Agentes de codificação devem integrar retornos de ferramentas externas em seu raciocínio contínuo — uma capacidade que o treinamento padrão da esquerda para a direita em código expõe apenas em sua direção direta. Observamos que o ciclo ação-observação-continuação de um agente de codificação é estruturalmente isomórfico a um local de chamada de função, onde um chamador vincula argumentos, um chamado retorna um valor computado em outro lugar, e o código subsequente consome esse valor. Essa estrutura de condicionamento existe em escala da internet em código comum.
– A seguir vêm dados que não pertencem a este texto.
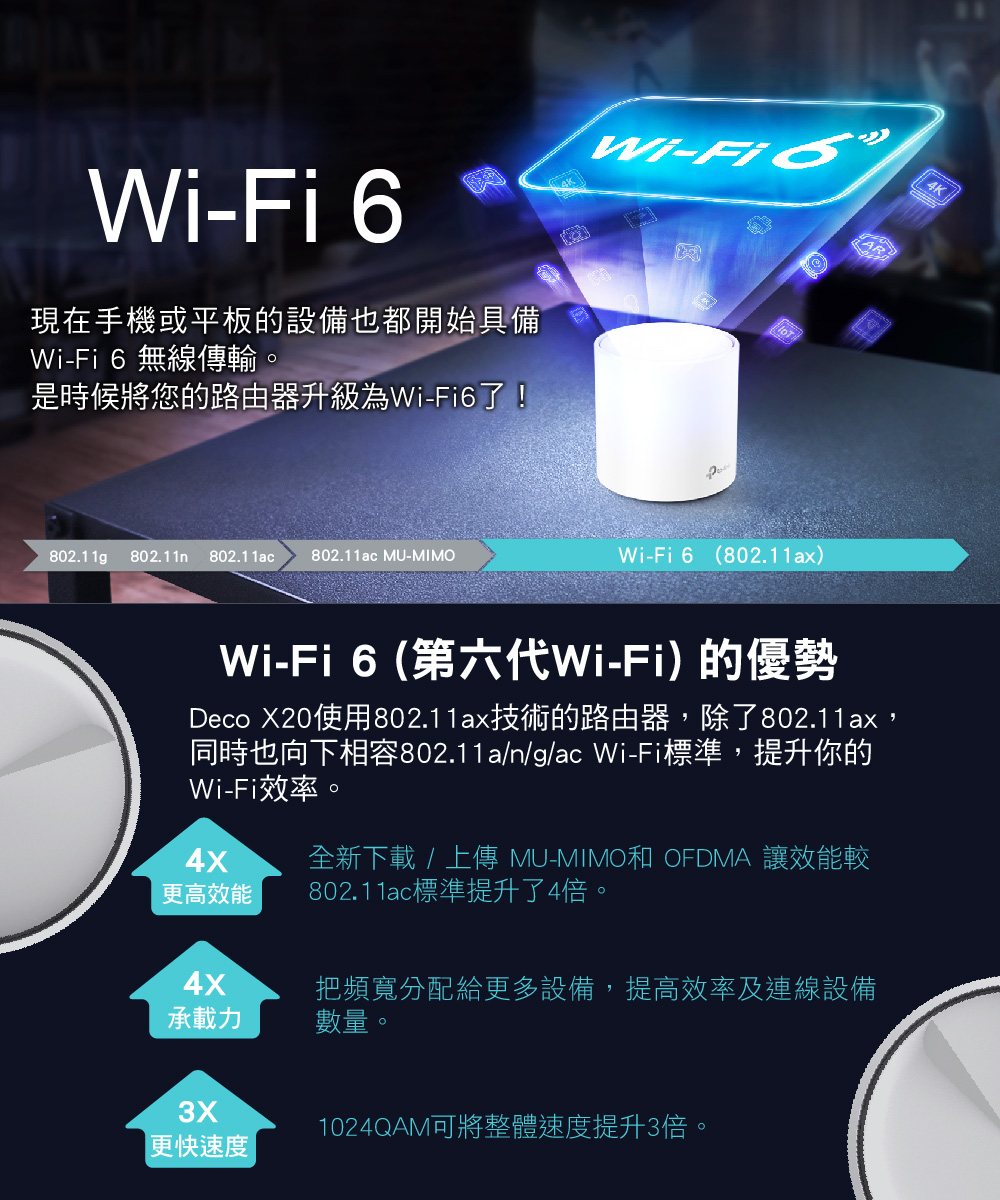 熱い販売 ASCII BESTBUY AWARD2020Wi-Fi6 11ax対応メッシュWi-Fiシステム Deco X20 3ユニット  1201Mbps+574Mbps AX1800 Wi-Fiの死角をゼロに 3年保証 discoversvg.com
Nós a exploramos através do treinamento intermediário "fill-in-the-middle" (FIM) consciente de funções: um objetivo auto-supervisionado que mascara funções selecionadas por meio de análise de grafo de dependência de programa e um critério duplo de complexidade-inferabilidade. Realizamos treinamento intermediário no Qwen2.5-Coder-Instruct (7B/14B) e no Qwen3-8B em um corpus descontaminado de 2,6 bilhões de tokens extraído de 968 repositórios GitHub, em seguida aplicamos pipelines de pós-treinamento agentivo existentes. O treinamento intermediário melhora o SWE-Bench-Verified em +2,8/+3,0 para 7B/14B e em +3,2 no Qwen3-8B; os ganhos no SWE-Bench-Lite são de +3,7/+4,0/+5,4 nos mesmos modelos. A melhoria se mantém em dois pipelines de pós-treinamento (R2E-Gym, SWE-Smith) e em uma base não-Qwen2.5 (Qwen3-8B com SWE-Lego). Além dos ganhos no domínio, o treinamento intermediário também mitiga a erosão de capacidade que o pós-treinamento agentivo inflige em tarefas de codificação não agentivas (por exemplo, LiveCodeBench) e benchmarks de uso de ferramentas não codificadoras (tau-bench, BFCL): embora o corpus de treinamento intermediário contenha apenas código Python, o viés indutivo de chamada de função sobrevive ao pós-treinamento e produz ganhos consistentes.
English
Coding agents must integrate external tool returns into ongoing reasoning - a capability that standard left-to-right pretraining on code exposes only in its forward direction. We observe that the action-observation-continuation loop of a coding agent is structurally isomorphic to a function call site, where a caller binds arguments, a callee returns a value computed elsewhere, and downstream code consumes that value. This conditioning structure exists at internet scale in ordinary code. We exploit it through function-aware fill-in-the-middle (FIM) mid-training: a self-supervised objective that masks functions selected via program dependency graph analysis and a complexity-inferability double criterion. We mid-train Qwen2.5-Coder-Instruct (7B/14B) and Qwen3-8B on a 2.6B-token decontaminated corpus drawn from 968 GitHub repositories, then apply existing agentic post-training pipelines. Mid-training improves SWE-Bench-Verified by +2.8/+3.0 at 7B/14B and by +3.2 on Qwen3-8B; SWE-Bench-Lite gains are +3.7/+4.0/+5.4 on the same models. The improvement holds across two post-training pipelines (R2E-Gym, SWE-Smith) and on a non-Qwen2.5 base (Qwen3-8B with SWE-Lego). Beyond in-domain gains, mid-training also mitigates the capability erosion that agentic post-training otherwise inflicts on non-agent coding (e.g., LiveCodeBench) and non-coding tool-use benchmarks (tau-bench, BFCL): although the mid-training corpus contains Python code only, the function-call inductive bias survives post-training and yields consistent gains.